§ **Task**: Each entry below is to be restated word for word, with no pictures carried over.

§ **Items from a dataset**:
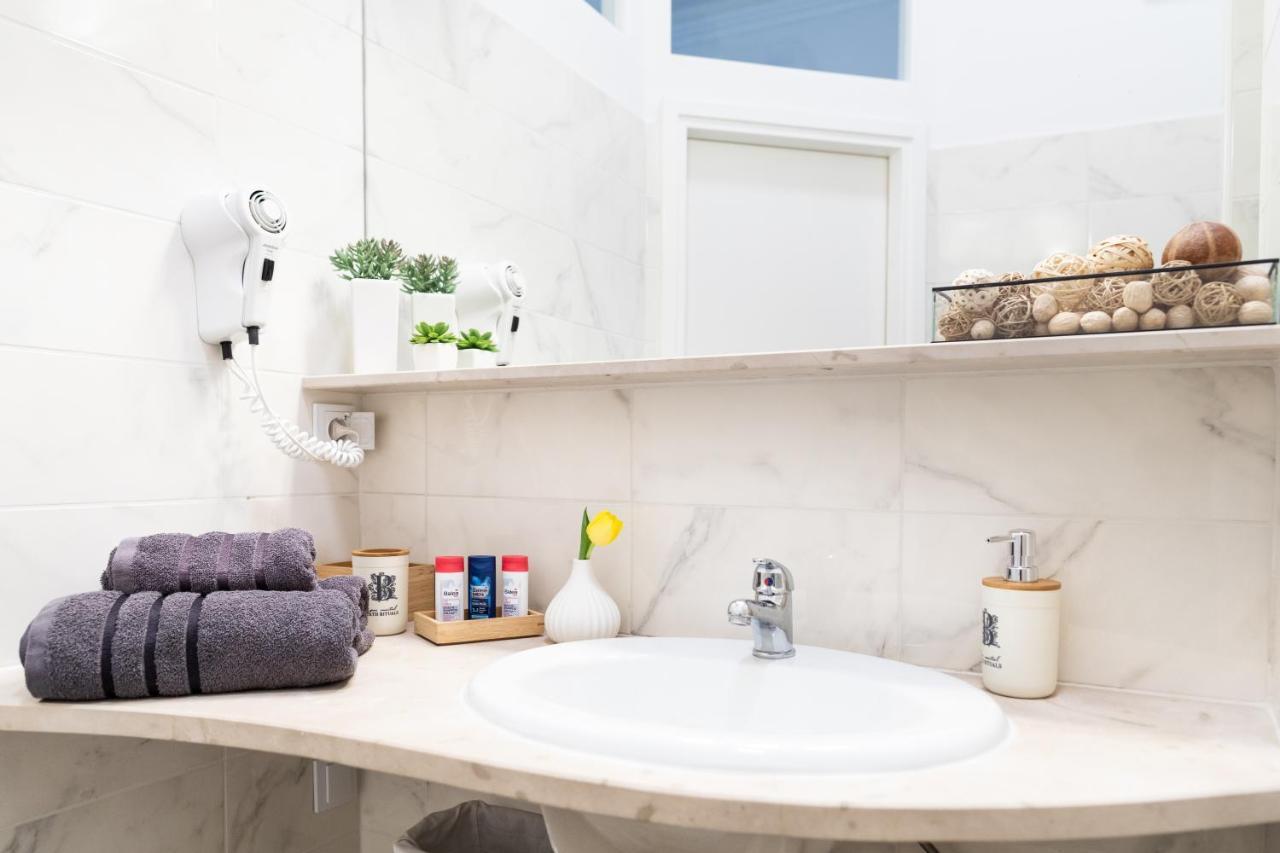 Apartment Toni Dubrovnik Luaran gambar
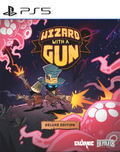 Wizard with a Gun [Deluxe Edition] thumbnail 1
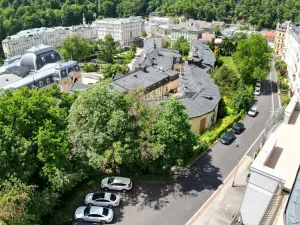 Prodej bytu 3+kk, Karlovy Vary, Škroupova, 130 m2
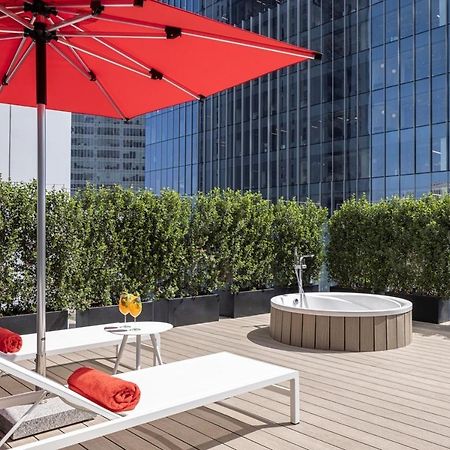 Play Midtown Hotel Tel Aviv Luaran gambar
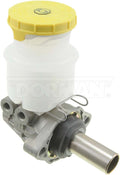NEW MASTER CYLINDER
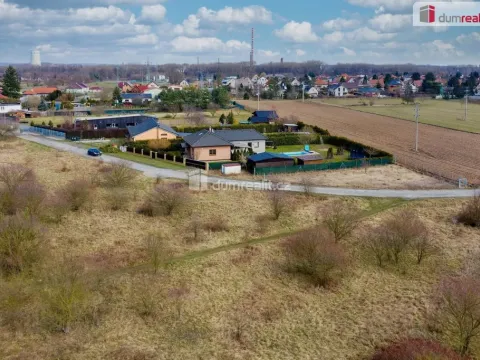 Prodej pozemku pro bydlení, Libiš, Polní, 466 m2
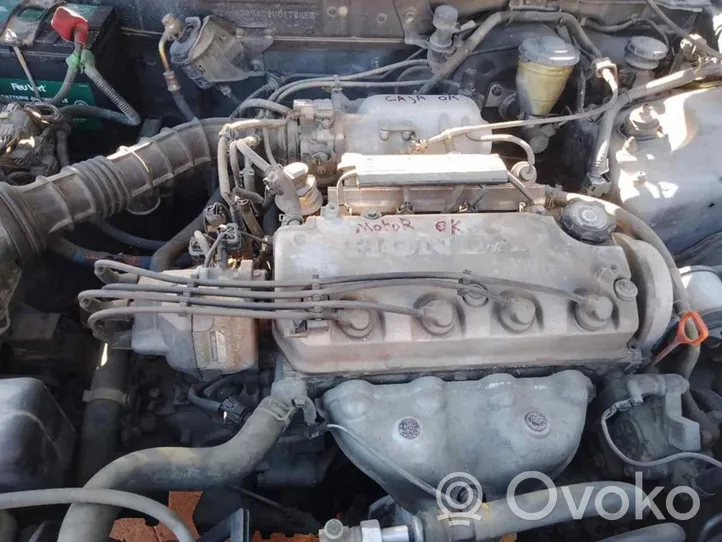 Honda Civic Moteur D15Z8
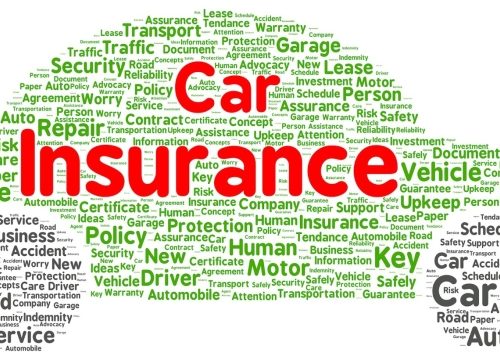 Driving in the Right Lane: Navigating the World of Car Insurance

§ **Output of the exercise**:
 Apartment Toni Dubrovnik Luaran gambar
 Wizard with a Gun [Deluxe Edition] thumbnail 1
 Prodej bytu 3+kk, Karlovy Vary, Škroupova, 130 m2
 Play Midtown Hotel Tel Aviv Luaran gambar
NEW MASTER CYLINDER
 Prodej pozemku pro bydlení, Libiš, Polní, 466 m2
 Honda Civic Moteur D15Z8
 Driving in the Right Lane: Navigating the World of Car Insurance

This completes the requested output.